---- RECORDS SHOWN
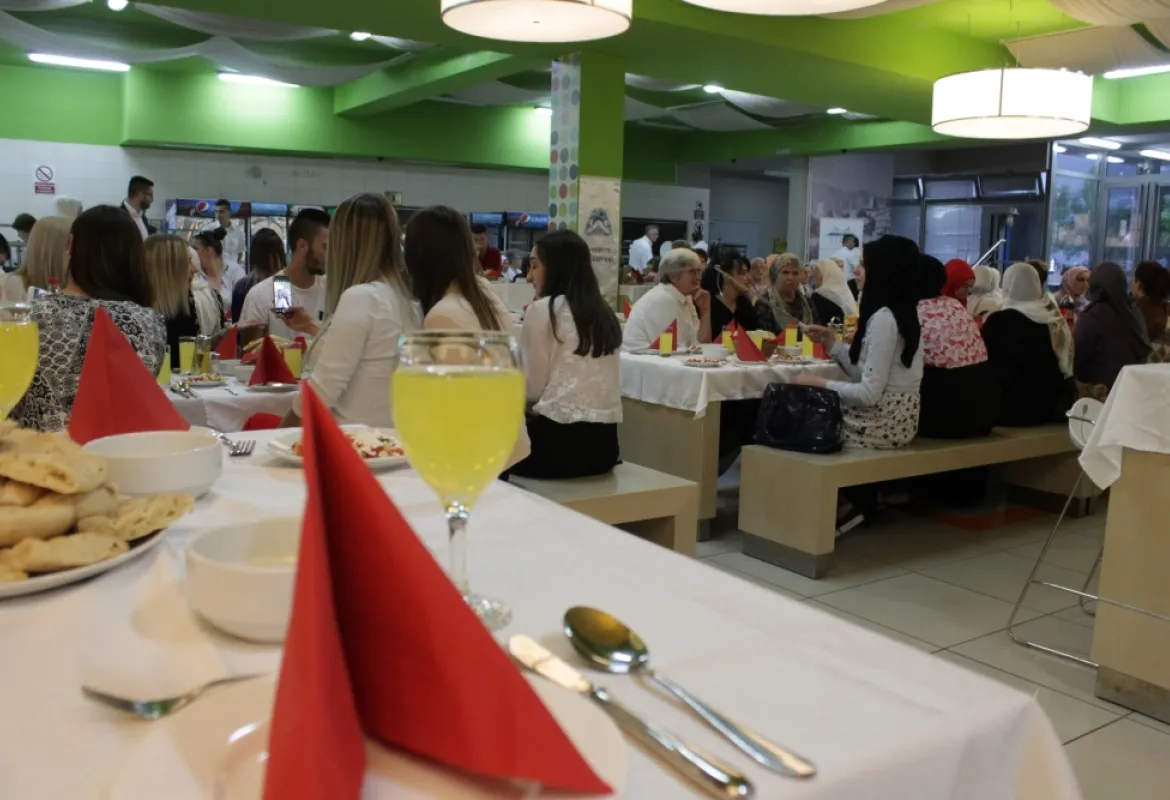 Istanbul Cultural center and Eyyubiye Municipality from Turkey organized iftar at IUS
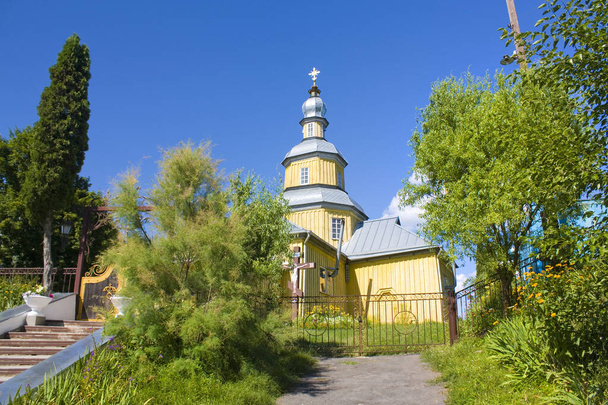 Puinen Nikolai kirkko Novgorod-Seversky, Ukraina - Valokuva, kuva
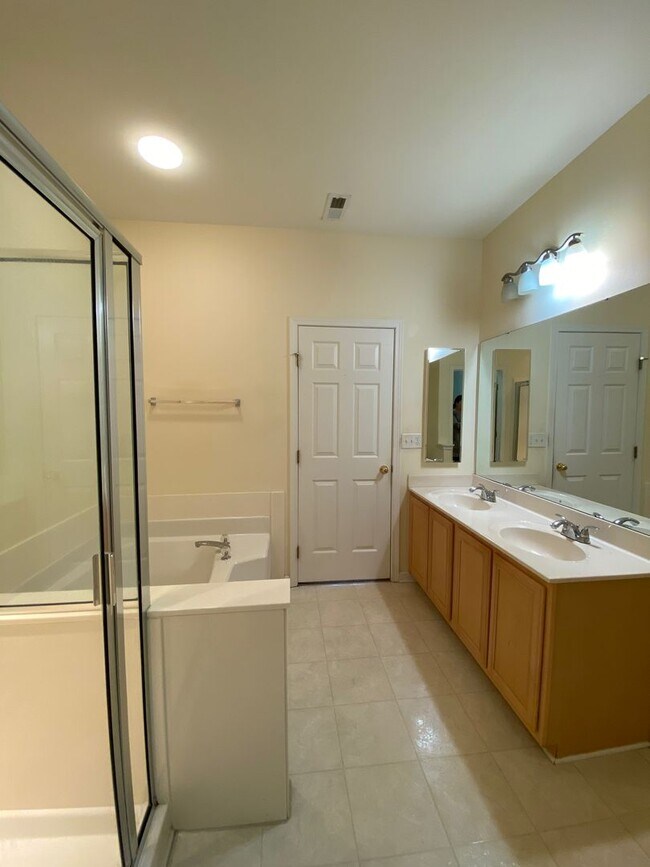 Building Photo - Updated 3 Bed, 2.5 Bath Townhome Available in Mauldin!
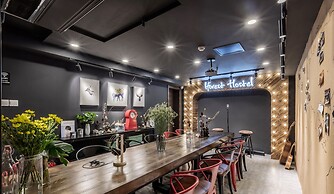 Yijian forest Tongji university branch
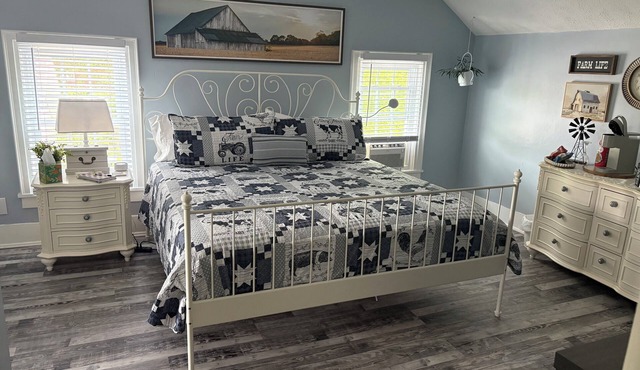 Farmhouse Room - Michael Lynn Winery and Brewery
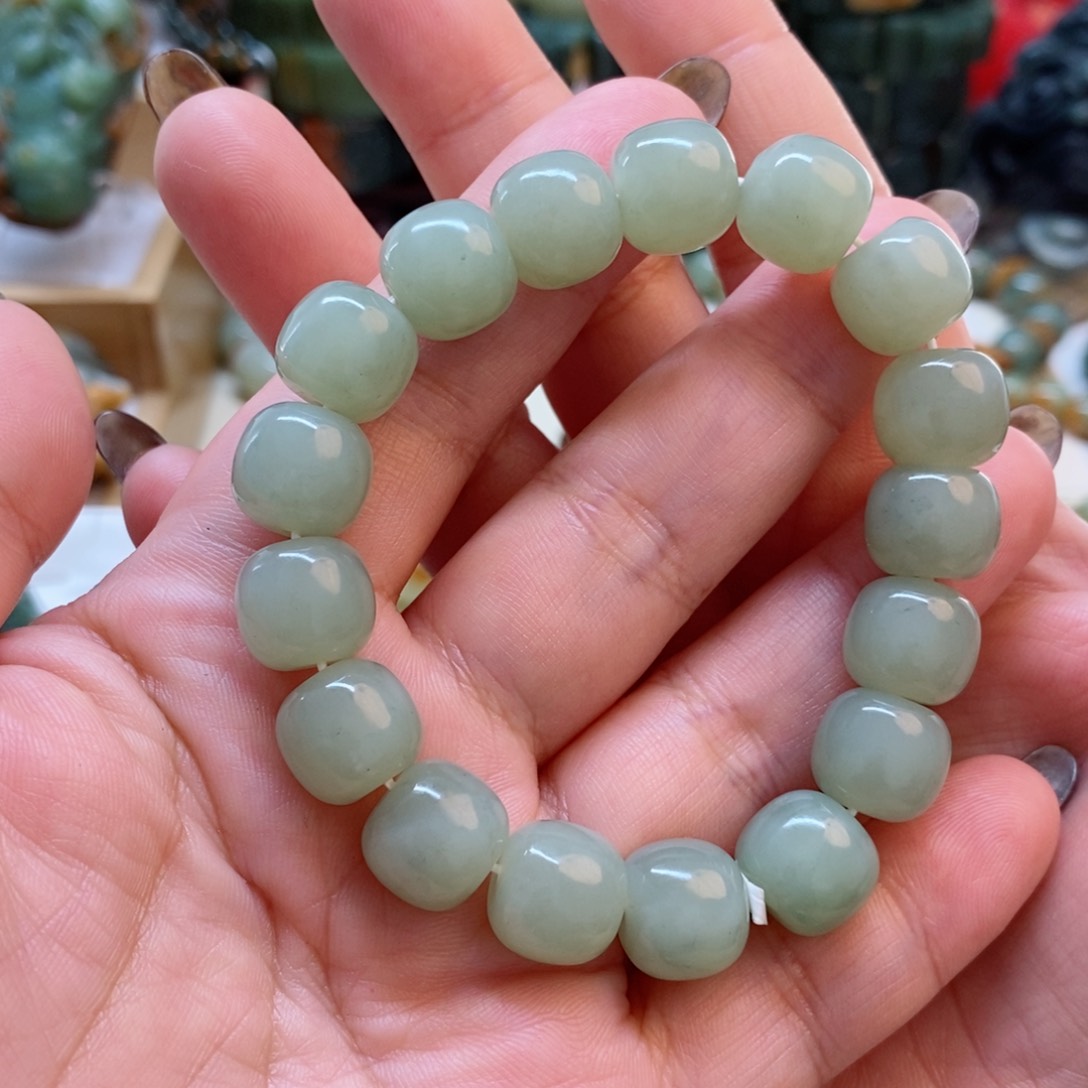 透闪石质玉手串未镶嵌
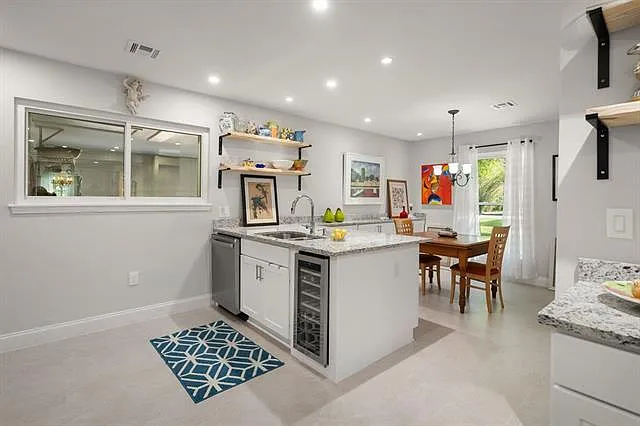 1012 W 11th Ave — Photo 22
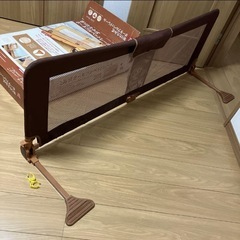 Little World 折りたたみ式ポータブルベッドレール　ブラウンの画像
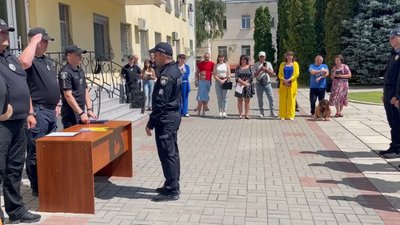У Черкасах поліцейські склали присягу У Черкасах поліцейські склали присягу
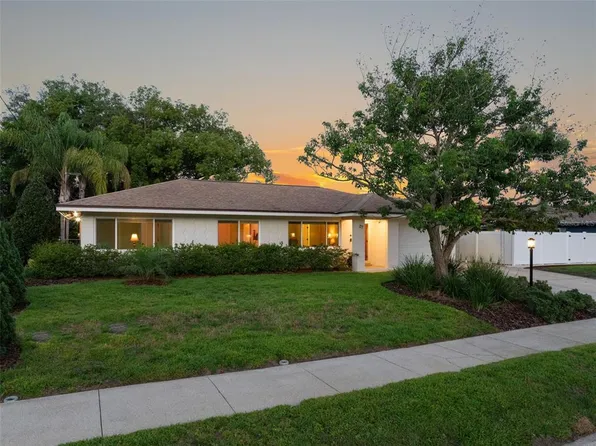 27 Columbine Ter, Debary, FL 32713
--------
--- WHAT IS BEING ASKED ---
Reproduce the data above line for line, excluding every picture.

--- TASK RESPONSE ---
 Istanbul Cultural center and Eyyubiye Municipality from Turkey organized iftar at IUS
 Puinen Nikolai kirkko Novgorod-Seversky, Ukraina - Valokuva, kuva
 Building Photo - Updated 3 Bed, 2.5 Bath Townhome Available in Mauldin!
 Yijian forest Tongji university branch
 Farmhouse Room - Michael Lynn Winery and Brewery
 透闪石质玉手串未镶嵌
 1012 W 11th Ave — Photo 22
 Little World 折りたたみ式ポータブルベッドレール　ブラウンの画像
У Черкасах поліцейські склали присягу У Черкасах поліцейські склали присягу
 27 Columbine Ter, Debary, FL 32713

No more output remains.